DeGraw-Cole said the efforts of the women who fought for equality early on —women like her high school basketball coach, Pat Zaccone, who would insist her team take the court when it was time for practice and force the boys team to leave — helped pave the way for the opportunities of today.

"We were more afraid of her" than of whatever reaction the boys would have had, DeGraw-Cole said. "But if she doesn't set that foundation, who knows what might have happened.
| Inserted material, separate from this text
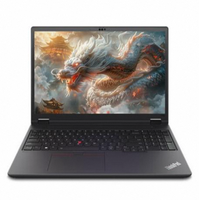 ThinkStation P16v Mobile Workstation Laptop-9-185hv, prosesor profesional memori 32GB 1TB Solid State Hard Disk layar 16 inci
She had to fight, likely at her own peril, but it helped us achieve what we have today."

Honorees

Both college and high school athletes were honored at the event, all of them chosen by their individual schools as being representative of what it means to be female athletes today, DeGraw-Cole said.

Chelsea James, a senior soccer and basketball player at Howell High School, said she was proud to have been chosen.

"(This) was a good opportunity to learn about how much sports has evolved," said James, who is a point guard and was a forward and utility player on the soccer team. She was accompanied to the luncheon by her mother, Anita, and Howell soccer coach Courtney Kroll. "You can see how much the game has progressed, and I'm glad to be a part of that."

Tori Capestro of Brick Memorial said she was surprised by the selection. "We have so many good athletes," she said.

"Educating younger student athletes about our roots and where we came from is important," said Rienecker, the coordinator of student development for athletes at Montclair State University. She also is president of the New Jersey Association of Intercollegiate Athletics for Women, a position she was drafted into by the athletic director at Montclair State, but one she is glad to fill.

The NJAIAW is the driving force behind the annual luncheon, which has expanded from 300 people a few years ago to the more than 900 in attendance Sunday. It is supported by the Garden State Athletic Conference, the New Jersey Association for Health, Physical Education, Recreation and Dance and Seton Hall University, which has hosted the event for at least three years.

"It's important for these young women to know how these opportunities came to be," she said, not only for them, but for the generations making their way up the sports ranks these days, including her own daughters.

"Title IX does not give you a free pass," Munch told the athletes. "It opens the door. You have to do the work and you have to work hard."

The following local athletes were honored at the event:

  • Meghan Kelly of Fairleigh Dickenson University-Metro, a Howell High School graduate and bowling team member;
  • Alex Okuniewicz of The College of New Jersey, a Toms River High School South graduate and field hockey player;
  • Elizabeth Lawler of Ocean County College, a Lacey graduate who plays basketball and soccer;
  • Tori Capestro, Brick Memorial, soccer and basketball; Krissy Pike, Brick Township, field hockey, basketball and lacrosse; Chelsea James, Howell, soccer and basketball; Brittany Martino, Lacey, field hockey and softball; Julia Zambrano, Long Branch, field hockey and lacrosse; Carly Davenport, Monsignor Donovan, soccer and basketball; Diana Malanga, St. Rose, soccer and basketball; Chelsey Henderson, Shore Regional, soccer and lacrosse; Samantha Manson, Wall, soccer, bowling and track and field.

DeGraw-Cole noted every member school of the NJSIAA is invited to choose an athlete to be honored. Though the event's organizers continue to look for sponsors, for now schools and attendees are asked to pay for their nominees to pay for the luncheon, which may be deterring participation. She hopes the event will be sponsored in such a way that the athletes and their parents will be able to attend at no cost, she said.

"We are pleased to see so many schools participating," she said. "It's nice (for these young women) to be recognized among their peers in a setting like this."